Distance function to a set

d_Ω(x)=inf{||x−w||: w∈Ω} in a normed space

Distance function to a set

Let $(X,\|\cdot\|)$ be a normed vector space and let $\Omega\subset X$ be nonempty. The distance function to $\Omega$ is the real-valued map $d_\Omega:X\to[0,\infty)$ defined by

d_\Omega(x):=\inf\{\|x-w\|: w\in \Omega\}.

Context. Distance functions quantify constraint violation and are fundamental in projection methods and variational analysis.

Basic properties.

$d_\Omega(x)=0$ iff $x$ belongs to $\overline{\Omega}$ .
$d_\Omega$ is 1-Lipschitz: $|d_\Omega(x)-d_\Omega(y)|\le \|x-y\|$ .

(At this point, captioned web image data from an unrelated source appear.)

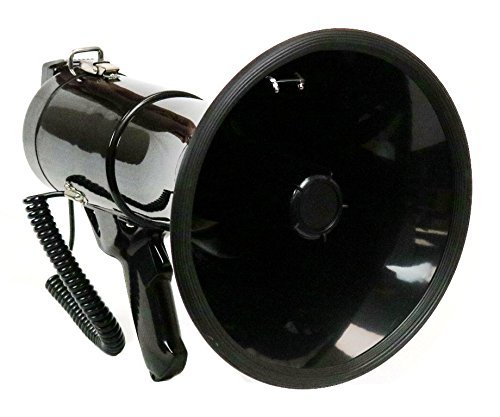 DEEJAY LED High Performance 13-1/2-in PA Megaphone with Hanging Mic, SD Card Play, Aux Input, USB Input, Siren, Recorder 50 Watt Output Max LED Status Indicator lights DEEJAY LED TBHMEGAPHONE
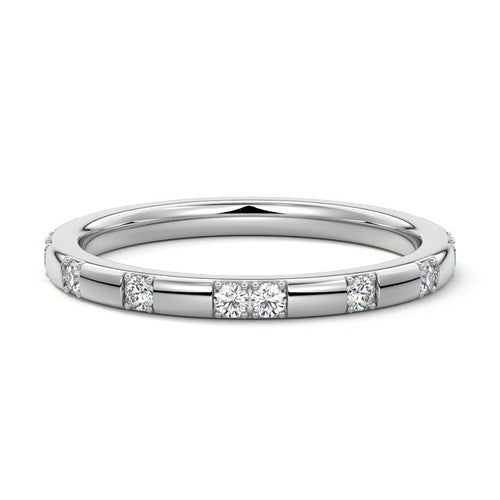 Pearl  lab grown diamond wedding band in platinum - Nura Lab NZ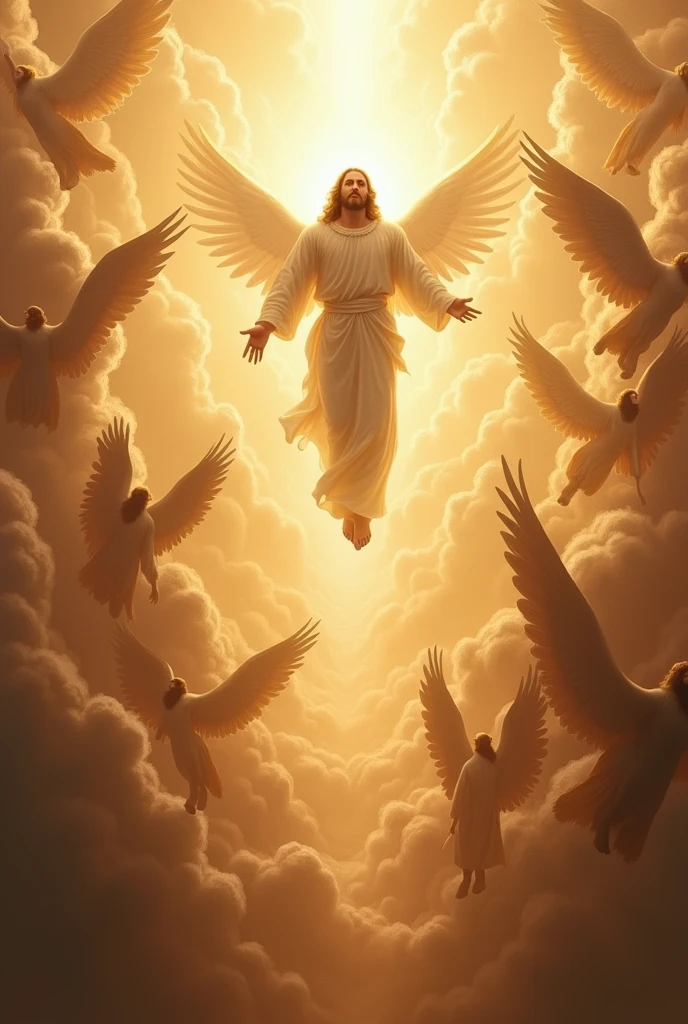 Create image of Jesus Returning and the heavens opened with thousands of angels with trumpets and Jesus with incredible glory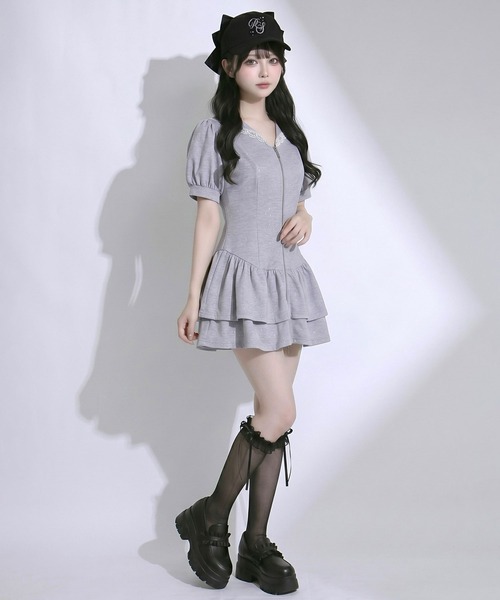 DearMyLoveRose(ディアマイラブローズ)の「フロントジップセーラーカラーラメスウェットミニワンピース【大きいサイズあり】(ワンピース・レディース・ブラック/ホワイト/グレー・LL~3L/L~LL/M-L)」の11枚目の写真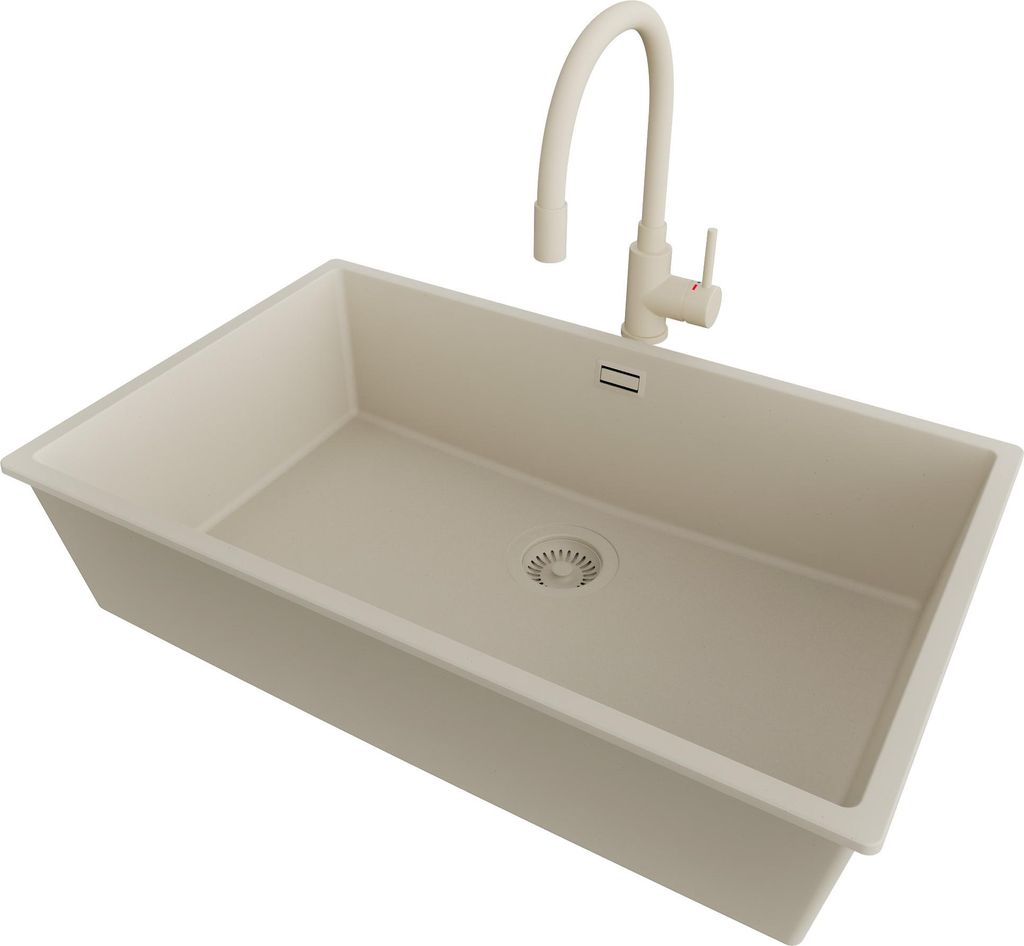 PRIMAGRAN Granitspüle Beige 76x47cm, Spülbecken 1 Becken + Küchenarmatur 38x14cm + Ablauf-Set, Küchenspüle ab 80er Unterschrank - London Slim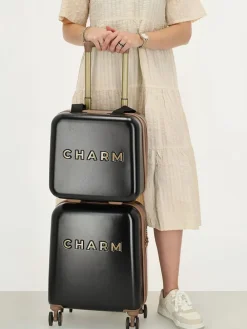Kosmetiktasche in Schwarz - (B)32 x (H)30 x (T)18 cm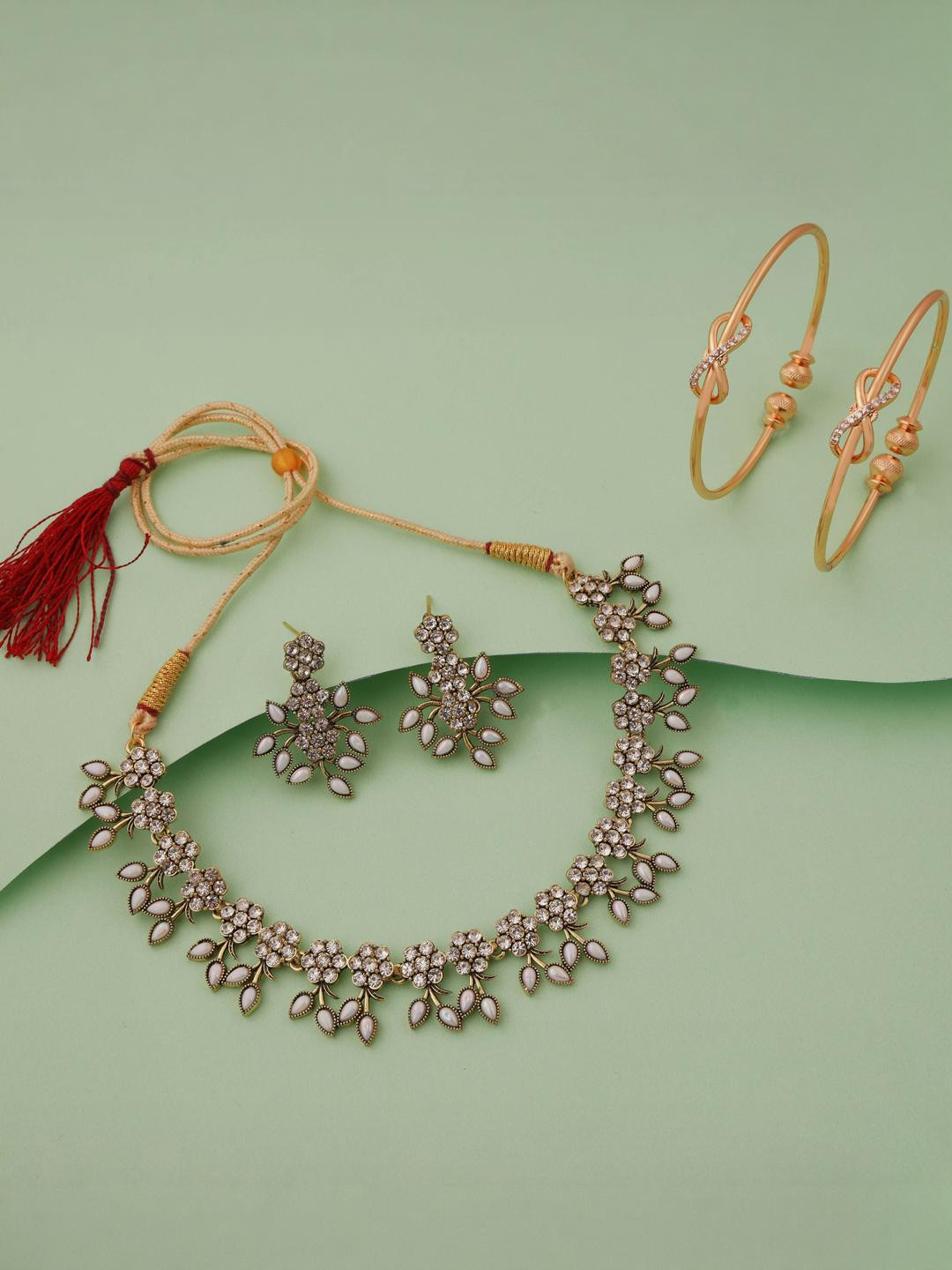 Anouk Gold-Plated Bangle & Necklace Set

Convexity. If $\Omega$ is convex , then $d_\Omega$ is convex. Conversely, if $\Omega$ is closed and $d_\Omega$ is convex, then $\Omega$ is convex (standard exercise-level fact).

Examples:

If $\Omega=\{0\}$ , then $d_\Omega(x)=\|x\|$ .
If $\Omega$ is a closed ball, $d_\Omega(x)$ is the excess of $\|x-x_0\|$ over the radius, truncated below by 0.